The life of a CI kid’s family appears to me to still be a roller coaster of emotions. It has now been 20 months that Harry has been hearing and we have survived a winter without incident. The latest appointment with our ENT was no more than 4 mins long and we left with a huge smile, as internally everything appeared to be perfect. We made a comment to our surgeon that Harry was starting to get fussy about putting his ears on in the morning but once on he was fine. Our ENT remarked that we should just do what we needed to get them on and not to be concerned that we had resorted to bribery through use of TV or I Pad to assist us.
It was almost as if the last 4-5 months of normality was cursed by throwing in a Specialist appointment, as that following week Harry got progressively more annoyed with his ears to the point where at school it was taking them over half an hour and three teachers to get them back on after his afternoon rest.
I put in a call to the Cochlear Implant Clinic and they scheduled some immediate Mapping for Harry (checking the sound levels and electrode functions by computer). It is a hard call to know whether the issue is a sudden shift in behaviour or a technical glitch. Sometimes a mother’s instinct just doesn’t kick in and I was at a loss as to why this was happening. Harry was not a kid that got annoyed by his ears. He had always been extremely compliant. Checking the Mapping would allow me to rule out a fault in the sound levels and focus on his behaviour if that was the issue.

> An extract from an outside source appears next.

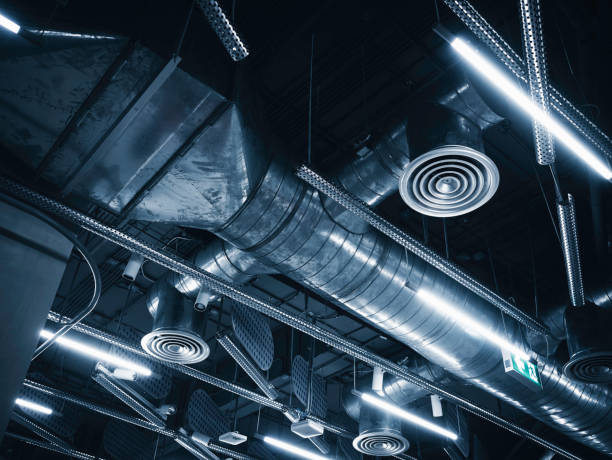 Best HVAC cleaning services  in Perrysburg, OH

It turned out that Harry had developed sensitivity to some high frequency sounds on his left side. He was getting agitated by the high volume he was accessing these sounds just on that side. The session at the CIC aimed at reducing the sound levels right down on the left to a place he was comfortable with at this point. Before we arrived at this conclusion we went through the stress of taking Harry for an X-ray to make sure none of his recent falls had dislodged the electrodes internally. Dan and I had become somewhat complacent about Harry falling on his head. His “balance challenges” mean he falls a hell of a lot and his threshold to pain seems to be extremely high. We just pick him up and brush him off these days and move on with the next activity. But in actual fact some of those falls could result in damage to the internal components and our lesson here was to perhaps pay more attention to changes after each falling incident that results in his head colliding with the ground! It was extremely fortunate in this instance the X-ray proved to be clear and there was no issue with the internal pieces. Thank goodness, as the outcome would have been more surgery. So the Clinic set about changing his levels to make it more tolerable for him.

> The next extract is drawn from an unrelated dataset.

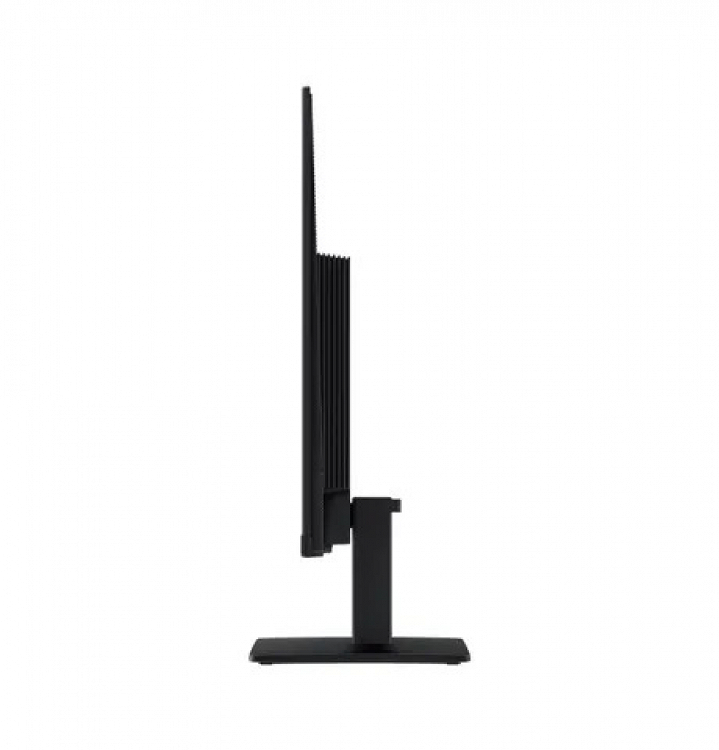 TV 27'' LED UE27F6002FKXXH SAMSUNG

Of course I tried to find out why this had happened. Is it not possible we can go through a year without hiccups and incidents? Does there always have to be a drama? I am sure for many parents when their child decides not to put the CI’s on for a day they just resign themselves to it and try again the next day. For some reason his defiance makes my blood boil and I see red. Thinking of everything we go through as a family to give him sounds I can’t bear to be defeated. So when the headband is hanging on a door handle and is not on his head it creates a drama in my mind! Given my reaction to his world of silence, I was determined to get the audiologist to give me a scientific reason for this need to change his sound levels. But, they couldn’t.

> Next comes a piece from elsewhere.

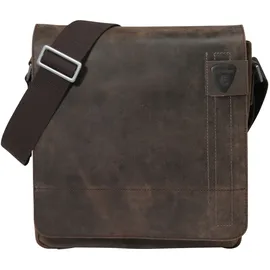 Strellson Richmond Leder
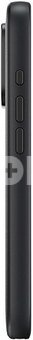 Peak Design case Apple iPhone 16 Pro Mobile Everyday Fabric Case, charcoal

There are so many unknowns with the toddlers. Thinking about how much physical change goes on with them to grow and become people, is it any wonder that occasionally there is a need to adjust their volumes? Of course it doesn’t affect all of them, but for some reason unknown to us all, Harry now is only able to tolerate 40% less volume on his left side for the high frequency sounds. The left side is coincidentally the site of the infection from last year- and no-one can say if that is linked or coincidence. Mastoiditis (the infection he had) is rarer than being profoundly deaf. One needs to be pragmatic and focus on the fact that this change in sound levels shouldn’t really matter. 7 or 8 years ago newly implanted kids were only ever given one implant and managed to learn to speak and listen perfectly well. He’ll be right Mate.
Overall I can pick up that in the last few weeks of this lower sound level there has been a decrease in the accuracy of Harry’s speech. Some of his regular words are starting to sound the same. I can’t tell the difference between “Bubbles” and “thank you” but his listening is still on track and I can tell he understands everything fine. It also hasn’t stopped him repeating new words, which is the huge stepping-stone to language he is accessing right now. He has started to use words to get what he needs. Utilising verbs such as “Help” and “fix” in his play routines means he can verbalise what he would like to achieve. Spontaneously saying “Thank you” when he is given something makes me go all warm and fuzzy inside. His latest leap has been when you ask him to choose between two activities without any visual clues he is clearly repeating the activity he wants to undertake.
Given all this progress my primary question to the Audiologists had to be whether it would go back to the same level it was at in July.
Their response to my question was simply that Harry would slowly start to build a tolerance to the high-pitched sounds and therefore allow an increase in volume over time. If not, the brain will learn to interpret speech at that volume.
I guess either way he will get there in the end.